Let's define a palindromic count of the string as the number of its substrings that are palindromes.
For example, the palindromic count of the string aaa is 6, because all of its substrings are palindromes. And the palindromic count of the string abc is 3, because only its substrings of length 1 are palindromes.
So, two more examples:
if string -> oolol
answer = ololo, 9 substrings can be formed
'o', 'l', 'o', 'l', 'o', 'olo', 'lol', 'olo', 'ololo'
if string -> gagadbcgghhchbdg
answer = abccbaghghghgdfd, 29 substrings can be formed
You are given a string s. You can arbitrarily rearrange its characters. You goal is to obtain a string with the maximum possible value of palindromic count.

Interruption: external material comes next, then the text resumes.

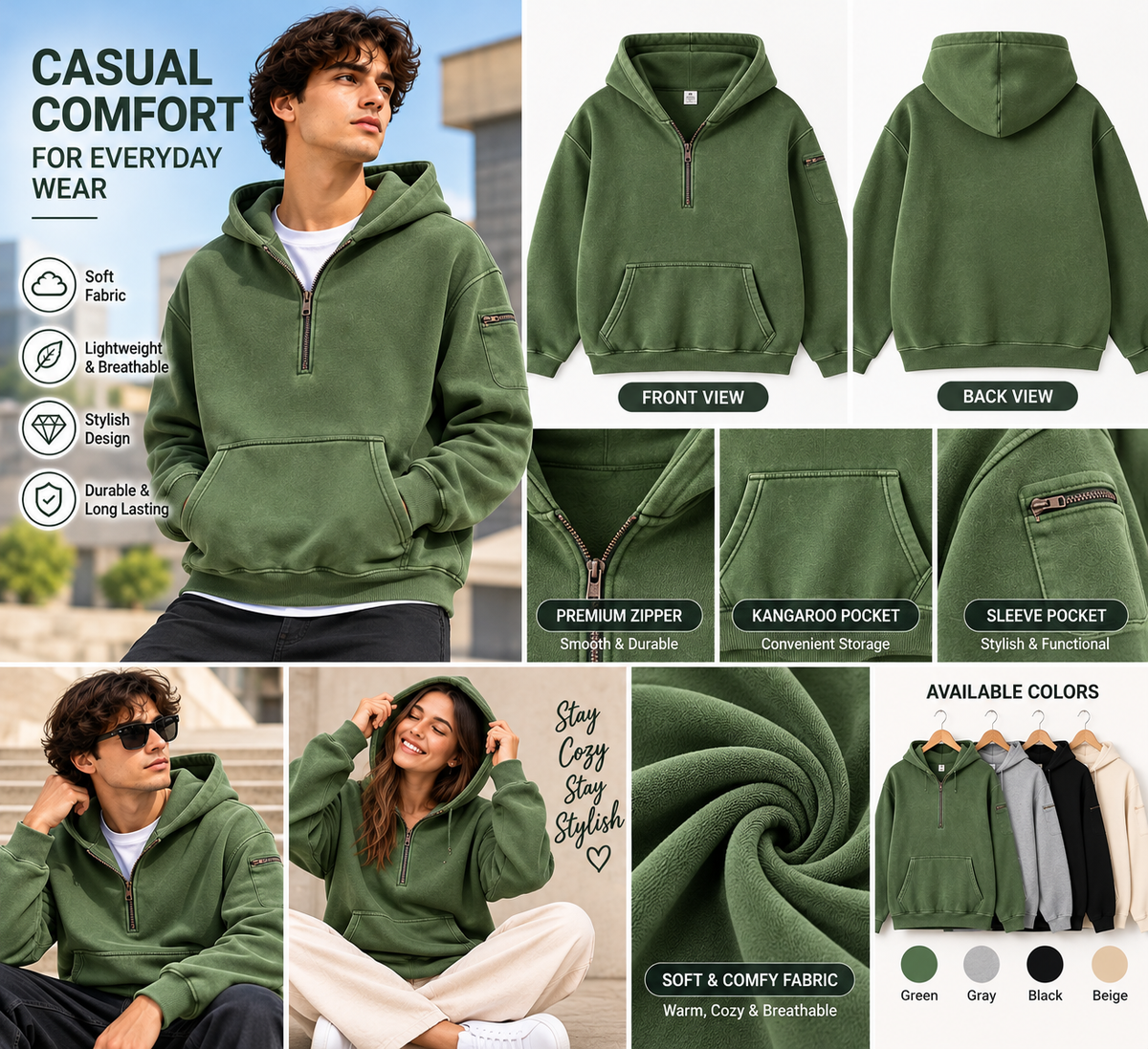 Mens Solid-Color Zip-Up Casual Loose Long-Sleeve Hoodie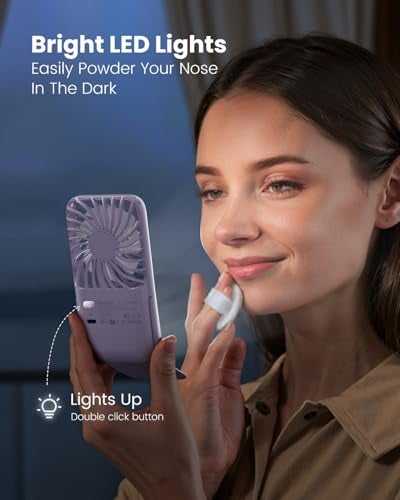 Gaiatop Mini Handheld Fan - 3 Speeds, 2000mAh USB Rechargeable Portable Fan with LED Lighted Makeup Mirror and Stand, Small Personal Fan Ideal for Outdoor Travel, Gifts for Women & Girls (Purple) - Image 4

The best possible rearrangement of the string which yields the maximum number of palindromes could be that of a sorted string. Take, for example, the string abcabc and let n denote the size of the string in general.
We can rearrange the string to form a palindrome abc|cba, which will yield palindromic substrings of length n (all single chars) + n/2 (picking substring across reflection point) + {cases where there exists a palindrome at either of the reflection point, which in this case is 0}.
We can also rearrange the string to form palindromic pairs of the form (aa)(bb)(cc), which will yield n (single chars) + n/2 (pair-wise substring) + {other possible palindromic substrings} palindromes.
Similarly, a 3-pair palindrome can be formed as well (aba)(cbc), in which case the number of palindromes will be n + n/3 + { .. }
Clearly, as we form more m-paired palindrome, the number of palindromic substrings will fall. Hence we need to consider Case I and Case II. Of the two, it is better possible to maximize the {other ..} case for Case II by increasing the density of equal characters appearing together which is the case in a sorted string. Hence, a sorted string should yield an optimal answer.
Hence for your case oolol -> llooo will given an optimal result of 9 and gagadbcgghhchbdg -> aabbccddfgggghhh will give the optimal result of 29 as well. You can check for any string using this code: https://ideone.com/mMu2tq
def ispalin(s):
return (s == s[::-1])
def cpalin(s):
c = 0
for i in range(len(s)):
for j in range(i, len(s)):
if ispalin(s[i:j + 1]):
c += 1
return c
print(cpalin(''.join(sorted("abccbaghghghgdfd"))))
print(cpalin(''.join(sorted("oolol"))))